**Try it**
Lines from the one containing "Sliced and cubed" through the end of the material below should be given again exactly, with no others.

**Data extracts**
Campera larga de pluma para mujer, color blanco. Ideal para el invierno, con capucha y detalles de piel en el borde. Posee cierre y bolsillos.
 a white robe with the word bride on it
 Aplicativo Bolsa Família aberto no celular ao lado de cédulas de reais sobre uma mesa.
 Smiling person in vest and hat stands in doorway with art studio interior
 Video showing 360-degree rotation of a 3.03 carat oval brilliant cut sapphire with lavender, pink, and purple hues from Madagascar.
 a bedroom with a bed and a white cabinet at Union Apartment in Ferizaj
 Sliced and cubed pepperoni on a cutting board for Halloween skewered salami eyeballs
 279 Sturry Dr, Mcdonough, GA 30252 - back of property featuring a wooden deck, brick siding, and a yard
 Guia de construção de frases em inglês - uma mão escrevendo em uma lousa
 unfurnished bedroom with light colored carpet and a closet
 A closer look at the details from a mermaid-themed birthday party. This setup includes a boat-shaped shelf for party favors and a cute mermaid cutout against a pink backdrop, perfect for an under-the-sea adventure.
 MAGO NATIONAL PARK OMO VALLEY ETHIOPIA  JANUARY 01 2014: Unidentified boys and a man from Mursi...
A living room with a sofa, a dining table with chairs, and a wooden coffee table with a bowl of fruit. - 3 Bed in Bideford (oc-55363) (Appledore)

**Response**
 Sliced and cubed pepperoni on a cutting board for Halloween skewered salami eyeballs
 279 Sturry Dr, Mcdonough, GA 30252 - back of property featuring a wooden deck, brick siding, and a yard
 Guia de construção de frases em inglês - uma mão escrevendo em uma lousa
 unfurnished bedroom with light colored carpet and a closet
 A closer look at the details from a mermaid-themed birthday party. This setup includes a boat-shaped shelf for party favors and a cute mermaid cutout against a pink backdrop, perfect for an under-the-sea adventure.
 MAGO NATIONAL PARK OMO VALLEY ETHIOPIA  JANUARY 01 2014: Unidentified boys and a man from Mursi...
A living room with a sofa, a dining table with chairs, and a wooden coffee table with a bowl of fruit. - 3 Bed in Bideford (oc-55363) (Appledore)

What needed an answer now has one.